Stir-up Sunday falls on the last Sunday before Advent. It is the day when cooks would traditionally prepare their Christmas pudding in advance of the festive period. Here are our top ten tips to help you make the perfect pudding.
- Get into the pre-Christmas spirit while you stir. That calls for a Christmas playlist (Last Christmas on repeat), mulled wine, and possibly the first showing this year for your Christmas jumper. Enlist any elves you know to help with the mixing. It is the custom for everyone in the household to stir the mixture and make a wish while doing so.
- Use the day to get ahead on other Christmas baking too. You might also want to make a Christmas cake or ready jars of mincemeat for pies. All benefit from at least a few weeks’ maturation.
- Read the recipe carefully. Some Christmas pudding recipes will ask you to soak the fruit overnight beforehand. Check you have everything before you begin. That includes sufficient baking paper, kitchen foil, and string.
- Experiment with different dried fruits and nuts. You might want to include chopped apricots, prunes, sultanas, figs, raisins, dates, even cranberries or cherries. Nuts might include pecans, walnuts, almonds or hazelnuts. Make sure they’re fresh, not a stale batch left over from last year! Consider your guests’ dietary requirements; might you want to switch traditional suet for vegetarian suet? Or make a nut-free pudding?
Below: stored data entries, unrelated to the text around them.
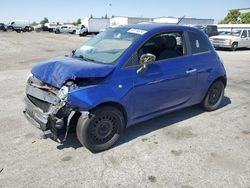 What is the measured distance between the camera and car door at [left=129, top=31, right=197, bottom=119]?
4461mm

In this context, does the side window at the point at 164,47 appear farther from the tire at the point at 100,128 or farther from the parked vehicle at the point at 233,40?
the parked vehicle at the point at 233,40

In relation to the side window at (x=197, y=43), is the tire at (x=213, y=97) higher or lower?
lower

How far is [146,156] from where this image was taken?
4.12 metres

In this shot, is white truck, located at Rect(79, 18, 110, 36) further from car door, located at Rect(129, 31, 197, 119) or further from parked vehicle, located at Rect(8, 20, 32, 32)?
car door, located at Rect(129, 31, 197, 119)

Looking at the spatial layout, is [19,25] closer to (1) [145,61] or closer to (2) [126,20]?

- The old tradition was to include a silver sixpence in the pudding. Whoever found the coin would be rewarded with good luck and good fortune the following year. Modern coins contain nickel or brass so should not be used in a pudding. You can buy silver ones. Be mindful that coins or charms are a potential choking hazard so be sure to warn your guests.
- When it comes to steaming your pudding, the first few hours are the most important. Make sure it maintains a good, steady boil.
- Once the pudding it cooked, it can be cooled with the foil still on, and kept in a cool place until Christmas when you can reheat it by steaming it for two to two and a half hours.
- When you cover the pudding basin and secure the greaseproof paper and foil with a string, leave enough string to make a string handle. It will make it easier to lift the pudding out of the pan.
- Rest the pudding basin in the pan on a trivet or a folded piece of thick cardboard or egg carton. This is to keep the base of the basin off the bottom of the saucepan where the heat is strongest.
- When steaming the pudding, check the water level in the saucepan frequently and top up with hot water to ensure it doesn’t burn dry.